The increased use of high-throughput analysis methods, such as microarrays, in mainstream biological research has led to a shift from studying small groups of reasonably well-characterized variables to exploring a complicated mire of thousands of inter-related variables simultaneously [
1]. These methods are powerful, but their outputs are complicated and difficult to interpret due to the sheer volume of data produced. Interpretation can be prohibitively time consuming in the absence of computational assistance.

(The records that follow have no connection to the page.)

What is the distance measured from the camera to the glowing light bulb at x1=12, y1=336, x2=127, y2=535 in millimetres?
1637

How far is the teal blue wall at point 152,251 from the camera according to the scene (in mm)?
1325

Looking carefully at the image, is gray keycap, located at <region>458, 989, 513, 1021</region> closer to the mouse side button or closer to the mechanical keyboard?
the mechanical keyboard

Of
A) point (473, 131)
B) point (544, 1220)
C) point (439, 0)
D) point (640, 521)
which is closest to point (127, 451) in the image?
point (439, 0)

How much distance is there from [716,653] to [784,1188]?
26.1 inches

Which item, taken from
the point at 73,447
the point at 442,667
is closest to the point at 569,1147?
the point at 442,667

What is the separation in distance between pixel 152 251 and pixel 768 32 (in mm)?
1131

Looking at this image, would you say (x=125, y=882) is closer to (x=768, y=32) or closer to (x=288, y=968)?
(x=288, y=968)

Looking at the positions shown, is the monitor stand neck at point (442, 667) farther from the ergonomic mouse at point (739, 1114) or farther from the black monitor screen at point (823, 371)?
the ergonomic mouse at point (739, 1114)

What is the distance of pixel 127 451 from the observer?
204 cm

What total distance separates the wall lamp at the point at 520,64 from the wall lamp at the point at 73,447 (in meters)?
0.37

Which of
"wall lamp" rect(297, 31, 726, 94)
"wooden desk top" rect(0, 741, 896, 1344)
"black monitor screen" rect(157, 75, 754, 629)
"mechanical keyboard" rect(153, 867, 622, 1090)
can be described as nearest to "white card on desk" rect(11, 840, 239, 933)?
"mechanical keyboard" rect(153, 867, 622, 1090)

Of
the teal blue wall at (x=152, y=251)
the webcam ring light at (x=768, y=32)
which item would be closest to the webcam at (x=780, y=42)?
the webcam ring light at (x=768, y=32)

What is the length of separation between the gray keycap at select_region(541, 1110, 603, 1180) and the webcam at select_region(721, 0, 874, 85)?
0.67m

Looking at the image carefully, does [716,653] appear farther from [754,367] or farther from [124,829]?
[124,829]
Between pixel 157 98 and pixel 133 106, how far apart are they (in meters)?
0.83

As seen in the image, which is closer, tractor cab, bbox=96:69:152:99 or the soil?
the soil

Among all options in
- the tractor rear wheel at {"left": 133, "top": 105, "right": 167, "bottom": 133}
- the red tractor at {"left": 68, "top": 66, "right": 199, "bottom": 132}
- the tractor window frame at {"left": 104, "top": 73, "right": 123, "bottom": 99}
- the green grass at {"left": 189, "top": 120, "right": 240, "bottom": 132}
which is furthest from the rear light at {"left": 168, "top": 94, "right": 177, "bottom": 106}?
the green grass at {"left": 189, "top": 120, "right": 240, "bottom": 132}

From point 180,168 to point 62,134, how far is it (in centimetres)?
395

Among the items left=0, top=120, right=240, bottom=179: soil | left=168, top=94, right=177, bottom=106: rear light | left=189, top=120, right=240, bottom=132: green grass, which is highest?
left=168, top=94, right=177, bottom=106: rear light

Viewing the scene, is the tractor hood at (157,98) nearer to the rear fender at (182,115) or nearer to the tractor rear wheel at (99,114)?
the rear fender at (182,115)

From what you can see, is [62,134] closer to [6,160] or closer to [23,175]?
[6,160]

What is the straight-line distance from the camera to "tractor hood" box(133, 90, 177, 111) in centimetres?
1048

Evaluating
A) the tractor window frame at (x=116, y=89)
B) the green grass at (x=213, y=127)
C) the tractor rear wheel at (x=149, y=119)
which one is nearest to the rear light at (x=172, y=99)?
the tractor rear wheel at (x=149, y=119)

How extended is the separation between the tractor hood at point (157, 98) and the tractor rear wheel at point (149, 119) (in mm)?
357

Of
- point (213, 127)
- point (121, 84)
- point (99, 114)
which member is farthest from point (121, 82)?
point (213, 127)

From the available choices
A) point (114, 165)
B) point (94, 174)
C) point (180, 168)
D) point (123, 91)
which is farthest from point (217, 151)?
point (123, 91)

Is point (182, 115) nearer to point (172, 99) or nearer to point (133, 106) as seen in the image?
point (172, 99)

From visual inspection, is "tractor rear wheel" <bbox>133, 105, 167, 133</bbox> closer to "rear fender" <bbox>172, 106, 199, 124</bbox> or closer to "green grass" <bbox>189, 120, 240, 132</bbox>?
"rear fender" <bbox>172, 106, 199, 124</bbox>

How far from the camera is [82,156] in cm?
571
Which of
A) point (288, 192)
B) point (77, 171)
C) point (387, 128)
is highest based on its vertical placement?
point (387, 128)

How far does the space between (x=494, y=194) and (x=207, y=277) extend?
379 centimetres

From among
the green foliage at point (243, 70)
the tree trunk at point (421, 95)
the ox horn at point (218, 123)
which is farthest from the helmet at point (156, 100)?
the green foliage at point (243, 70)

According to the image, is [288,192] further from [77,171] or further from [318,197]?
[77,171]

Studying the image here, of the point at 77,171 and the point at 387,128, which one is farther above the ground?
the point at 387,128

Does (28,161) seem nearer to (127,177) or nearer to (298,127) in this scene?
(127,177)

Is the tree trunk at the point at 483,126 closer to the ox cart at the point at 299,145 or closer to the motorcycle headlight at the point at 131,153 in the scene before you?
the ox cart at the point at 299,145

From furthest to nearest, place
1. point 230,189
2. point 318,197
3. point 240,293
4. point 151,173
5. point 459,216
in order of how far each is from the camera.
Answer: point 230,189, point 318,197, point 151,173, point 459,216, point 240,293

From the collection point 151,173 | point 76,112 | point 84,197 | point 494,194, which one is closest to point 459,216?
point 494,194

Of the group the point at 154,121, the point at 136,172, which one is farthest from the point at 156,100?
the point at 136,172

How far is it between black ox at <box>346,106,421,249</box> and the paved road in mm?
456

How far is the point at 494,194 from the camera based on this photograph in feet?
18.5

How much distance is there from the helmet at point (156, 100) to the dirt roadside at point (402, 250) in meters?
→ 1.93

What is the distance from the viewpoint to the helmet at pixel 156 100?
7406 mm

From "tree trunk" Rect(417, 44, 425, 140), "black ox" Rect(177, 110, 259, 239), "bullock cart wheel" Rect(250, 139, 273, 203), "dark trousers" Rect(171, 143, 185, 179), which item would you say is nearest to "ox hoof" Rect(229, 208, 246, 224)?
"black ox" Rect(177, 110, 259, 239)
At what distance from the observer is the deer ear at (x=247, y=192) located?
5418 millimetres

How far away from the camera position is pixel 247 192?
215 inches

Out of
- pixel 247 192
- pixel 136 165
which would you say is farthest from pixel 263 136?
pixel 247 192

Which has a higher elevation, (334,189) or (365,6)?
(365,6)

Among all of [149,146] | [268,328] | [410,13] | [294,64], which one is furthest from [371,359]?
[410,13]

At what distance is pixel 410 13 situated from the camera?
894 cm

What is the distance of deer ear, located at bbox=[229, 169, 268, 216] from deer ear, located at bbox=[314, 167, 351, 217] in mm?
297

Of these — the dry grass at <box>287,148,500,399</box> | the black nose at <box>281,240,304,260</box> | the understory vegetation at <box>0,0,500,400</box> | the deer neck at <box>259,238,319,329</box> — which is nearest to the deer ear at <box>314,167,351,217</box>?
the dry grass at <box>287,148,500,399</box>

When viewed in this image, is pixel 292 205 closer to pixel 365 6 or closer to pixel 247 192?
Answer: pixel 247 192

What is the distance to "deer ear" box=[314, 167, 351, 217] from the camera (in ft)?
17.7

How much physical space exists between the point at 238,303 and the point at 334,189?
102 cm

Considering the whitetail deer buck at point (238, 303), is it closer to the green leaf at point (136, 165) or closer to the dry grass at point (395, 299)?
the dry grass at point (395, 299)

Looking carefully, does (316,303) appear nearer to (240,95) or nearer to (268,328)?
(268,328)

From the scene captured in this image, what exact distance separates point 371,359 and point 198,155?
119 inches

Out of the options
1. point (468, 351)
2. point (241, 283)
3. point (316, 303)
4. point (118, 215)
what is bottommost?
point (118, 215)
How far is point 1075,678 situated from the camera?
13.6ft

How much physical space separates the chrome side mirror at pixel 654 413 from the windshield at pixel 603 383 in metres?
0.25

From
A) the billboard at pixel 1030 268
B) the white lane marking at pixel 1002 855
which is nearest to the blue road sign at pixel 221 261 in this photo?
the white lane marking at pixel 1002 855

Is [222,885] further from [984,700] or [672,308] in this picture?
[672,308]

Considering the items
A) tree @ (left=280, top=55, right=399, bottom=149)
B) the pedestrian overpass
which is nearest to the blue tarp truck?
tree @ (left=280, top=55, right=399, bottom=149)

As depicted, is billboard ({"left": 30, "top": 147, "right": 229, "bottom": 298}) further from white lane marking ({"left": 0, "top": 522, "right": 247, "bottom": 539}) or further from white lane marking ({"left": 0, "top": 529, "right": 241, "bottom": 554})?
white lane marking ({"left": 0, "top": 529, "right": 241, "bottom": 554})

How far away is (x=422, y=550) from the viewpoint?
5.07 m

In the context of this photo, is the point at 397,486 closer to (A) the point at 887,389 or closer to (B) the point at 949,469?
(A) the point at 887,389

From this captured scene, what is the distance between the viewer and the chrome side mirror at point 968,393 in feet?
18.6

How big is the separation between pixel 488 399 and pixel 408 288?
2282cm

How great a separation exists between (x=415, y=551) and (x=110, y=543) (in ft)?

The ultimate goal of any microarray experiment is to gain insight into the workings of cellular organisms by understanding the interactions of genes and proteins. For this to be accomplished, raw data must not only be converted into information, but this information must also be interpreted in context, to be transformed into timely biological discovery and knowledge [
2]. Currently, the lack of a community-wide consensus on how best to integrate experimental data with information resources limits this knowledge acquisition [
2]. The recent work of Saraiya
et al. (2005) [
1] highlighted a "critical need" for tools able to "connect numerical patterns to the underlying biological phenomena", as current techniques fail to adequately link microarray data to biological meaning, which limits researchers' biological insights [
1].
One intuitive way to integrate biological knowledge and microarray data is through protein-interaction networks, where nodes represent proteins and edges symbolize relationships between proteins [
3]. However, focusing solely on physical protein interactions, such network constructs neglect a wealth of knowledge currently distributed among hundreds of existing biological databases (over 1000 listed in this year's
Nucleic Acids Research database issue alone [
4]) that is directly applicable to proteins investigated via microarray experiments. Current protein network constructs typically focus on a small subset of this biological knowledge, producing incomplete and sparsely populated resources. This is a particular problem for higher eukaryotic organisms such as mice and humans, for which physical protein interaction data are limited.
In agreement with Lee
et al. (2004) [
5] and Leach
et al. (2007) [
3], we demonstrate by expanding the definition of 'interaction' to include functional information that a) there is enough publicly available biological information to produce biologically useful, well populated interaction networks for higher eukaryotic species, b) through the combination of expression data and functional information, it is possible to provide contextual insight into the network, and c) it is possible to effectively link to existing biological knowledge using current technology. Using a murine craniofacial developmental expression microarray dataset [
6] and a recently published technique for weighting and integrating functional interaction information [
3], we illustrate how the application of context sensitive methodology leverages the full force of current available biological knowledge, enabling the translation of complex high-throughput datasets into scientific insight and discovery.